When is the peak of movies after an influential event?
Now we ask ourselves how long does it take for an event to reach its peak influence of the movie industry. We therefore define latency to be the first year after the event where the similarity fraction of that year is greater than the largest year before the event. The latency is not defined if no such year exist. Latency should serve as a simple and interpretable metric for defining time to peak influence.
We find that the latency is defined for 16 out of 23 events (see table below). The average latency is 16.2 years and the median 16 years. Although it’s difficult to know for sure since we have limited data, but it looks like the results can be charactericed by two distinct groups. The first where the movie industry is quickly influenced by the event (the first events with latencies between 1-4 years), and the second where it ranges from 13-44 years.
latency | |
---|---|
Pearl Harbor | 1 |
Atomic Bombing Of Hiroshima And Nagasaki | 2 |
The Truman Doctrine Is Announced | 2 |
The Marshall Plan Is Implemented To Assist Post-War Europe | 3 |
The Korean War | 4 |
Brown v. Board of Education of Topeka | 4 |
The Warsaw Pact Is Signed | 13 |
Sputnik Is Launched | 16 |
China Begins The Great Leap Forward | 16 |
President Kennedy Is Assassinated | 16 |
Civil Rights Act Is Passed | 16 |
Apollo 13 | 17 |
The Iranian Revolution Happens | 22 |
John Hinckley Jr Attempts To Assassinate Reagan | 23 |
The War In The Falkland Islands Begins | 25 |
The Berlin Wall Falls | 28 |
Nelson Mandela Is Released From Prison | 40 |
Apartheid Ends | 44 |
How are historical events and concepts perceived through movies ?
Our perceptions of past events change as time goes on. By doing a sentiment analysis on the plots of movies about these events, we can see how events and concepts are viewed differently over time through the lens of film. Here, we can see that globally movie plots have been generally negative, and becoming slightly more negative over time.

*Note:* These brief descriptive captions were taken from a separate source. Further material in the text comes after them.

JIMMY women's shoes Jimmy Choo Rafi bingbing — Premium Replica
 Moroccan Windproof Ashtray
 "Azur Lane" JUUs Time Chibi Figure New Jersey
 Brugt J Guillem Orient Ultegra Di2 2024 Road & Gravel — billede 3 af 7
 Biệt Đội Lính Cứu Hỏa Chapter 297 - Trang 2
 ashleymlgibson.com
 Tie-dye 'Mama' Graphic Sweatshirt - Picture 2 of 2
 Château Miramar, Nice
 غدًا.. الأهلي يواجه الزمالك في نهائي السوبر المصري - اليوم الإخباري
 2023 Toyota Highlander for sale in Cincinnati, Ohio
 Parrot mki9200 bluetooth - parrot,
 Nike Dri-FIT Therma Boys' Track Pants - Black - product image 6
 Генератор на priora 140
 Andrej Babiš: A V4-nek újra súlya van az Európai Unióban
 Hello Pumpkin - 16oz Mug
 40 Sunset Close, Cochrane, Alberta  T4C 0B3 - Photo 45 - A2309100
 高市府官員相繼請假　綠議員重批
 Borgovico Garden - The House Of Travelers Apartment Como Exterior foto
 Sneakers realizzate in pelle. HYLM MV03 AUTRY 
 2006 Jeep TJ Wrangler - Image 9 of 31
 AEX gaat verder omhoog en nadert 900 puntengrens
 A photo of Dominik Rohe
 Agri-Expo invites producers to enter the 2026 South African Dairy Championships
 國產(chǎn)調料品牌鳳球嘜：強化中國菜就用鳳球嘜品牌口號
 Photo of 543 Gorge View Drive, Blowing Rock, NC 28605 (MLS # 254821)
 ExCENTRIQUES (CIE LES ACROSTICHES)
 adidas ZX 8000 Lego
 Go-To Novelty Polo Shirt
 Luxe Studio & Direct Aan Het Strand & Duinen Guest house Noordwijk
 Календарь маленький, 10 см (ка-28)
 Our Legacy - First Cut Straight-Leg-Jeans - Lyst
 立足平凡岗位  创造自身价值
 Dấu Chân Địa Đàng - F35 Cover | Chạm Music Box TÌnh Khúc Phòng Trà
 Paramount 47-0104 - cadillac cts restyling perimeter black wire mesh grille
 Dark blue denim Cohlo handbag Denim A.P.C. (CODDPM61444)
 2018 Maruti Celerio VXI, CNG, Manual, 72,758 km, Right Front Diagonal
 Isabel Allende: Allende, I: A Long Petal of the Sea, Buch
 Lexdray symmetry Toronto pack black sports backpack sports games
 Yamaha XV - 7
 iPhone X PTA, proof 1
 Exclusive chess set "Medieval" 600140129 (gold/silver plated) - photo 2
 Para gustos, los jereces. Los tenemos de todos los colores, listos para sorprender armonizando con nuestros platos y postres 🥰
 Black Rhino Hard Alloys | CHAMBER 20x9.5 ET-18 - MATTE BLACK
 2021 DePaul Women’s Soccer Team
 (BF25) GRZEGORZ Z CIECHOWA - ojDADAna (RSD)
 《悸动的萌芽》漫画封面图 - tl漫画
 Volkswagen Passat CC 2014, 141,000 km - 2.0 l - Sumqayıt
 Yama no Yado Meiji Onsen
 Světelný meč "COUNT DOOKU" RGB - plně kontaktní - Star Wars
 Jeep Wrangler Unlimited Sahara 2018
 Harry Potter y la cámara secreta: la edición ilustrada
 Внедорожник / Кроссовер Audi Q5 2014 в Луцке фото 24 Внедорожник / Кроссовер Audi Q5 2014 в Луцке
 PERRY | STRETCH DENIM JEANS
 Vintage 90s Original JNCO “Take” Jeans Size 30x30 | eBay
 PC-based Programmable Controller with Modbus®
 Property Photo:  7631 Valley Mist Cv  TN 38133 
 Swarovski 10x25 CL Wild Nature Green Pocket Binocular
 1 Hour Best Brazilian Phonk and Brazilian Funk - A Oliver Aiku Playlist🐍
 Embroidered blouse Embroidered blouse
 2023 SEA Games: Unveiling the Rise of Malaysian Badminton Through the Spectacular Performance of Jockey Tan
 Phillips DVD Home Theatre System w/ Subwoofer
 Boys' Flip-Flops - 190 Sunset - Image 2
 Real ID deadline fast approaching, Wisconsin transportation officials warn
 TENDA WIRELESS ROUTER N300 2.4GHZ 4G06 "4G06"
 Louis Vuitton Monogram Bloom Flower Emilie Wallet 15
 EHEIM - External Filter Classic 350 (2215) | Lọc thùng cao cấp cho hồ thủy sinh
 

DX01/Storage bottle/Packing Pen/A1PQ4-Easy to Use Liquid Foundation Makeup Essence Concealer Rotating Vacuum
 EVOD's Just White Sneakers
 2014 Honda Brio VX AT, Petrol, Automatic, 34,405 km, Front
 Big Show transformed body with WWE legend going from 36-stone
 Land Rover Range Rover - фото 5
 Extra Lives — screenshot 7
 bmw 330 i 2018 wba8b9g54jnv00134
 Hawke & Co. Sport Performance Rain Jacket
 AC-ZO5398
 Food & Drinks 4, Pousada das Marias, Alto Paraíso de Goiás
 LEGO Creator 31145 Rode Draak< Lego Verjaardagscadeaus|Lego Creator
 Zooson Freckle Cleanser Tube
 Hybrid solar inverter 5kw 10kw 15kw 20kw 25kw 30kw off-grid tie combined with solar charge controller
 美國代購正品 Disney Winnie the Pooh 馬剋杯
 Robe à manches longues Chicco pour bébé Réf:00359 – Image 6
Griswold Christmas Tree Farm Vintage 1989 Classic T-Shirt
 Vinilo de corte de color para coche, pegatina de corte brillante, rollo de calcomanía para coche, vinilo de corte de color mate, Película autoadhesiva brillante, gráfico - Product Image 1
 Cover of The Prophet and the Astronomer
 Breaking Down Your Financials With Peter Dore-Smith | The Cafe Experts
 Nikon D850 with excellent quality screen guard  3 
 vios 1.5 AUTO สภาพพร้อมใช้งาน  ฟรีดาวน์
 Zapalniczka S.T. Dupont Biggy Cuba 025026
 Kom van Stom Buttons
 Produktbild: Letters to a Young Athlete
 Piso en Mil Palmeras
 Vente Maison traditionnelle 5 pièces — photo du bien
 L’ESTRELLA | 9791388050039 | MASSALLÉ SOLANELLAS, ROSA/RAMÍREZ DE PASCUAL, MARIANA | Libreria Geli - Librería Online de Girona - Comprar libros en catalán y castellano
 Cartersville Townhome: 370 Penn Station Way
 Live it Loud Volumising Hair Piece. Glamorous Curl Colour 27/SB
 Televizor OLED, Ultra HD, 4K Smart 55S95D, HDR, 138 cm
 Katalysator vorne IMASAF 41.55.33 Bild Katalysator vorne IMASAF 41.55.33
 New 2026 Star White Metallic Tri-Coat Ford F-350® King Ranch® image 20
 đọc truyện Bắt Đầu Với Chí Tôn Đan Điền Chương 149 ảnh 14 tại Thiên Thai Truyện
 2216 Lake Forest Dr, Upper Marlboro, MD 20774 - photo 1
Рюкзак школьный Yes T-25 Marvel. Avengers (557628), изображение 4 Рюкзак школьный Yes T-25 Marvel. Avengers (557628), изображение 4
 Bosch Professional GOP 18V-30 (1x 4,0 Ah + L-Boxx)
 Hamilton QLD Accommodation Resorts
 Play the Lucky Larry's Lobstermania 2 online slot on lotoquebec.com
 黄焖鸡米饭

Here we present 3 examples to show how events are viewed differently over time.
1. We select movie plots most similar (similarity score > 0.8) to the wikipedia article of the Berlin Wall (general, which focuses on its construction) and the Fall of Berlin Wall, we see that the two events are perceived differently. Although both events are perceived as negative, the Fall Of Berlin Wall has a more positive sentiment score and a faster increasing slope. This corresponds to the more postive perception of Berlin Wall’s Fall and the end of the Cold War.
2. We compare the sentiments towards two wars with many similar characteristics. Both the Korean War and the Vietnam War started in the 1950s, with the United States combatting overseas in Asia against communist forces. Both wars ended with unsatisfactory results from the U.S. perspective. The Korean War ended with an armistice, and the Vietnam war ended with a U.S. defeat. It’s reasonable that the two wars exhibit similar negative sentiments (-0.47 and -0.62). This particularly obvious when compared to the Falklands War between Argentina and the U.K. in the 1980s, which also had a cultural impact.